トレックが大学の研究者と行った研究によれば、体の動くパーツを目立たせることで最大83%視認されやすくなることが明らかになっています。 人間の脳は「人体のフォームや動き」を瞬時に認識する能力を持っており、脚・足首のような動きのある部位に反射素材や蛍光色をつけると、脳が素早く「人間がいる」と判断します。 takicycle(https://takicycle.com/blog/blog_roadbike/biomotion)
これは使えそうです。
バイクライダーの場合も同じで、ブーツやパンツの裾まわりに反射テープを追加することが最も費用対効果の高い対策です。 たとえば、1,760円程度で購入できるリフレクターステーキットをナンバープレート周辺に装着するだけでも、後方からの視認性を大きく改善できます。 autoby(https://www.autoby.jp/_ct/17338961)
足まわりへの対策が原則です。
実は、視認性向上は任意の安全対策だけではありません。法的な義務でもあります。
2018年の法改正により、ナンバープレートの取付基準が厳格化され、2021年10月1日以降は新車を対象に完全適用されています。 具体的に禁止されているのは、ナンバーの「回転・折り返し・カバー装着・ステッカー貼り付け・装飾フレームでの見えにくい状態」です。 motoinfo.jama.or(https://motoinfo.jama.or.jp/?p=828)

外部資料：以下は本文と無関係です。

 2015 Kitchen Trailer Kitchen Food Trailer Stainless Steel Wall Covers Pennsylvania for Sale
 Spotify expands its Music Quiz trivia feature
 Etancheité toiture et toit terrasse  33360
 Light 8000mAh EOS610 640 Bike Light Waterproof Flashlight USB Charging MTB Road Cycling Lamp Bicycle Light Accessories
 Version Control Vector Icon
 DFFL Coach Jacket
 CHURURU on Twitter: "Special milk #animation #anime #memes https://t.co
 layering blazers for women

これに違反すると「番号表示義務違反(2点)+50万円以下の罰金」が科せられます。 カスタムのナンバーフレームを付けている方は、プレートが読み取り可能な状態かどうかを今すぐ確認しましょう。 motoinfo.jama.or(https://motoinfo.jama.or.jp/?p=828)
痛いですね。
参考:ナンバープレート表示基準と罰則の詳細(日本自動車工業会)
https://motoinfo.jama.or.jp/?p=828
交差点や夜間での事故を減らすために、バイク専用の視認性向上アクセサリーが複数展開されています。

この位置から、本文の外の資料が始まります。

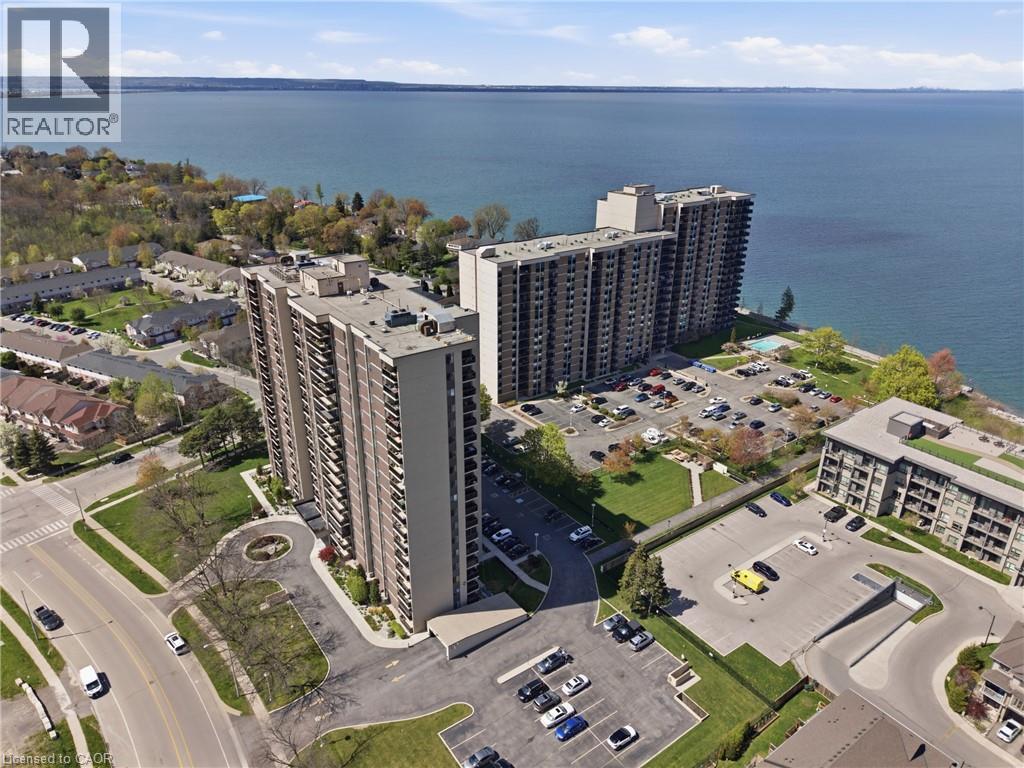 301 FRANCES Avenue UnitNo. 507, Stoney Creek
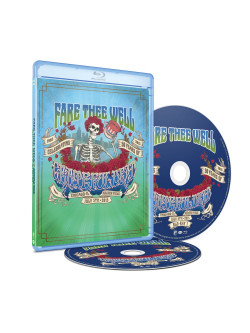 Grateful Dead - Fare Thee Well (July 5th) (2 Blu-Ray)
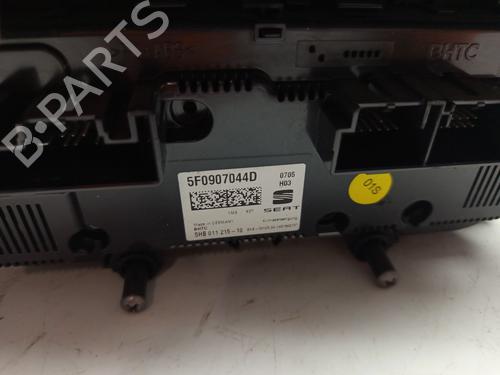 Climate control SEAT LEON (5F1) 1.6 TDI | BP33953138I5  - Image 7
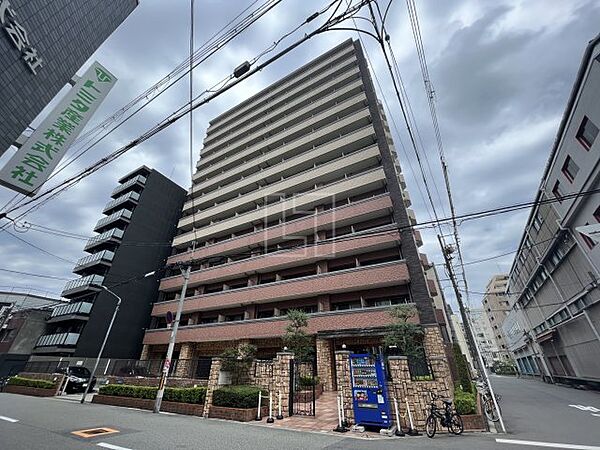 アーバネックス西長堀 ｜大阪府大阪市西区新町4丁目(賃貸マンション1LDK・10階・33.64㎡)の写真 その1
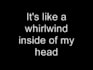 make paper cut lyric video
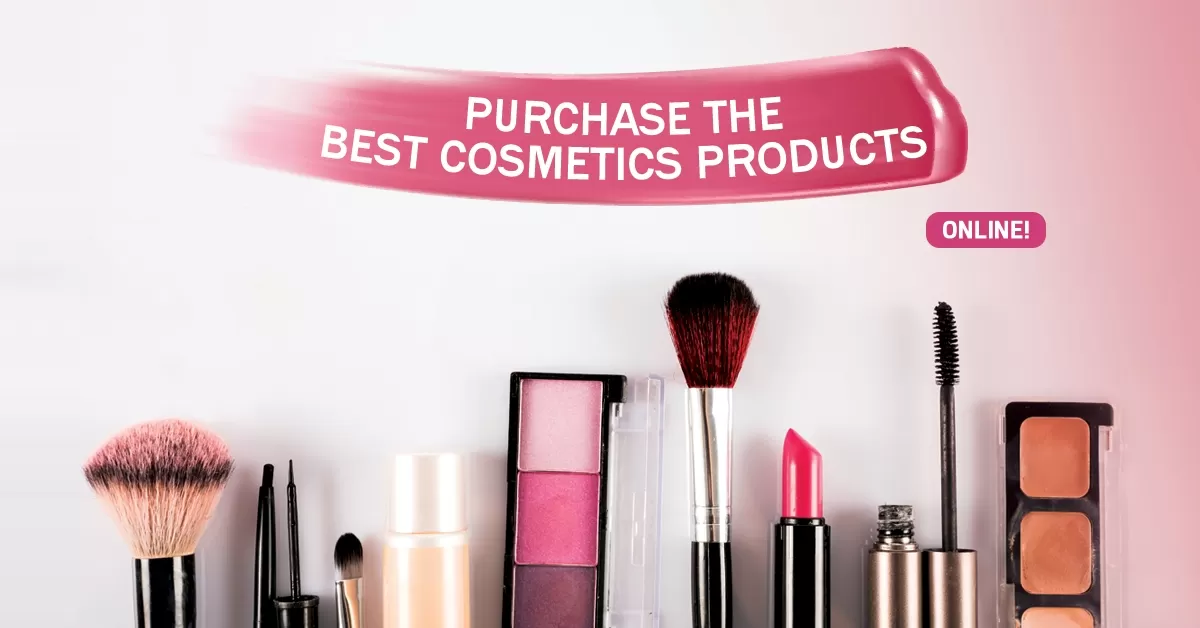 Best Cosmetics Products Online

🔴 サイドリフレクター(ECE認証品):交差点・追い越し時の側方被視認性を向上させる装備。欧州安全基準ECEの認証を取得したものは信頼性が高く、ドレスアップと安全の両立も可能です。 facebook(https://www.facebook.com/kijima.co.ltd/videos/%E3%82%AA%E3%83%BC%E3%83%88%E3%83%90%E3%82%A4%E7%94%A8-%E3%82%B5%E3%82%A4%E3%83%89%E3%83%AA%E3%83%95%E3%83%AC%E3%82%AF%E3%82%BF%E3%83%BCece%E8%AA%8D%E8%A8%BC%E5%8F%96%E5%BE%97%E5%A4%9C%E9%96%93%E3%82%84%E8%A2%AB%E8%A6%96%E8%AA%8D%E6%80%A7%E3%81%8C%E4%BD%8E%E3%81%84%E7%8A%B6%E6%B3%81%E3%81%A7%E8%BB%8A%E4%B8%A1%E3%81%AE%E5%AD%98%E5%9C%A8%E3%82%92%E3%81%97%E3%81%A3%E3%81%8B%E3%82%8A%E3%82%A2%E3%83%94%E3%83%BC%E3%83%ABece%E8%AA%8D%E8%A8%BC%E3%82%92%E5%8F%96%E5%BE%97%E3%81%97%E3%81%9F%E3%82%AA%E3%83%BC%E3%83%88%E3%83%90%E3%82%A4%E7%94%A8%E3%82%B5%E3%82%A4%E3%83%89%E3%83%AA%E3%83%95%E3%83%AC%E3%82%AF%E3%82%BF%E3%83%BC%E3%81%A7%E3%81%99%E4%BB%A4%E5%92%8C5/910323458050615/)
🟡 蛍光反射テープ:車両前方・側面前方に貼ることで、昼夜を問わず視認性を引き上げます。特にオートバイは乗用車に対して根本的に視認性が低いため、こうした補助的装備が有効です。 bikebros.co(https://www.bikebros.co.jp/community/CRP_view.php?id=17156&uid=FVkDD35p)
🔵 ARフィルム(反射防止フィルム):バイク用ナビやスマートフォンホルダーに貼るフィルムで、日中の映り込みを打ち消して視認性を上げます。光の干渉を利用して視認性を劇的に改善します。 web.u-systems.co(https://web.u-systems.co.jp/case_study/case-4/)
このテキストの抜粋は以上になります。